[Assignment] Find the word "Image" in the records below. List each line containing it.
# # # # #
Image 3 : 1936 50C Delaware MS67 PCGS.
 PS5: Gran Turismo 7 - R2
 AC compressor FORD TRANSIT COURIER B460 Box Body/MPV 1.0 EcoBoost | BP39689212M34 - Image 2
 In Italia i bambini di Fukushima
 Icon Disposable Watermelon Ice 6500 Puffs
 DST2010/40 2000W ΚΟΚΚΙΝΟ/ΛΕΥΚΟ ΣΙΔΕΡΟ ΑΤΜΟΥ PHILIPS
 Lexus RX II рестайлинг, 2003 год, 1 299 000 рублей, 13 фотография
# # # # #
[Answer to the problem]
Image 3 : 1936 50C Delaware MS67 PCGS.
 AC compressor FORD TRANSIT COURIER B460 Box Body/MPV 1.0 EcoBoost | BP39689212M34 - Image 2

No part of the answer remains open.